##### Data for this task #####
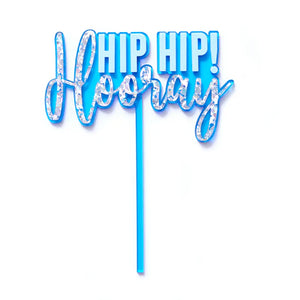 Hip Hip Hooray Blue/Silver Cake Topper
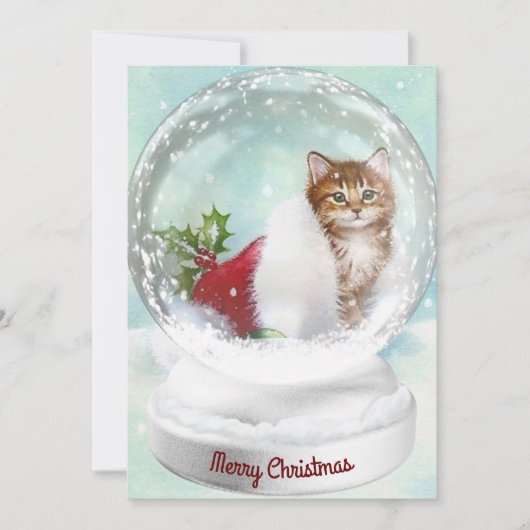 Cartes Pour Fêtes Annuelles Globe De Neige Kitten De Noël En Stocker (Devant)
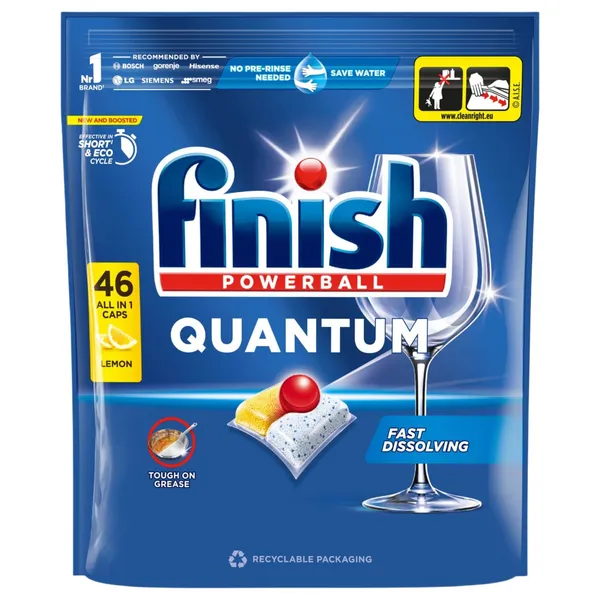Citrinų kvapo indaplovių indų ploviklio kapsulės FINISH POWERBALL QUANTUM LEMON, 46 vnt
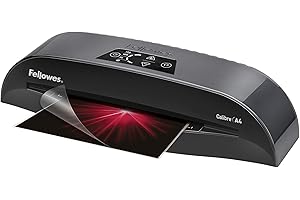 Fellowes Plastificatrice A3 Calibre per piccoli uffici, Pronta in 1 minuto con Spegnimento e modalità Riposo, 80-125 Micron, Kit con 10 fogli A4 per plastificazione incluso, Nero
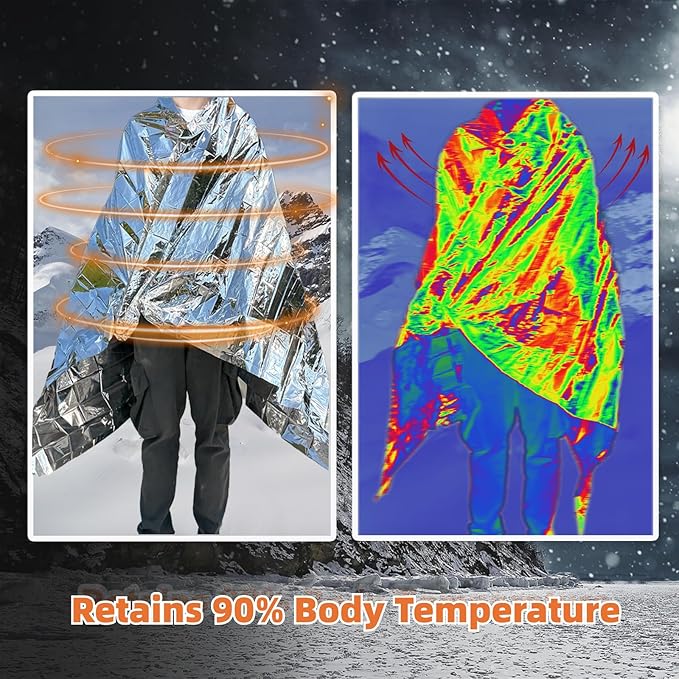 50 Pack Emergency Thermal Blanket Survival, Mylar Blankets for Outdoor, Space Blanket, Silver Foil for Survival, Survival Kit Camping Blankets, Body Warmer, First Aid, Hiking 84” x 52”
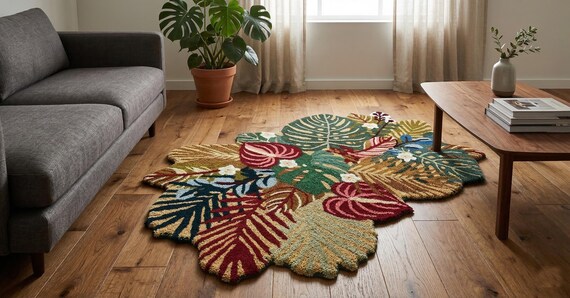 5x8 ft rug Tropical Leaf Shaped Rug: Botanical Tufted Monstera Floral Carpet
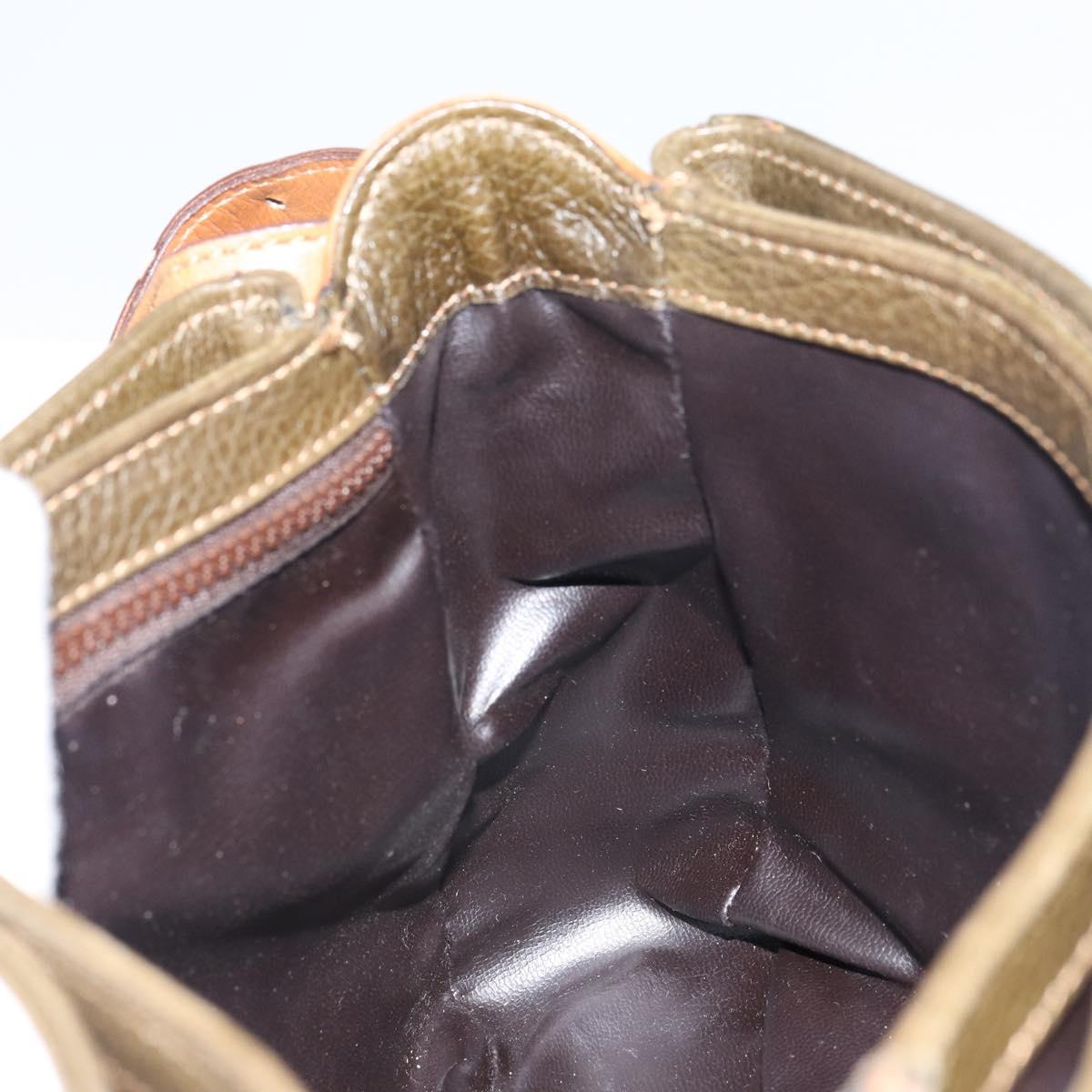 CELINE Shoulder Bag Leather Khaki Gold Auth BA8678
#####
Task to complete: Restate the records above in full and word for word, but do not carry over any pictures.

Response:
 Hip Hip Hooray Blue/Silver Cake Topper
 Cartes Pour Fêtes Annuelles Globe De Neige Kitten De Noël En Stocker (Devant)
Citrinų kvapo indaplovių indų ploviklio kapsulės FINISH POWERBALL QUANTUM LEMON, 46 vnt
 Fellowes Plastificatrice A3 Calibre per piccoli uffici, Pronta in 1 minuto con Spegnimento e modalità Riposo, 80-125 Micron, Kit con 10 fogli A4 per plastificazione incluso, Nero
 50 Pack Emergency Thermal Blanket Survival, Mylar Blankets for Outdoor, Space Blanket, Silver Foil for Survival, Survival Kit Camping Blankets, Body Warmer, First Aid, Hiking 84” x 52”
 5x8 ft rug Tropical Leaf Shaped Rug: Botanical Tufted Monstera Floral Carpet
 CELINE Shoulder Bag Leather Khaki Gold Auth BA8678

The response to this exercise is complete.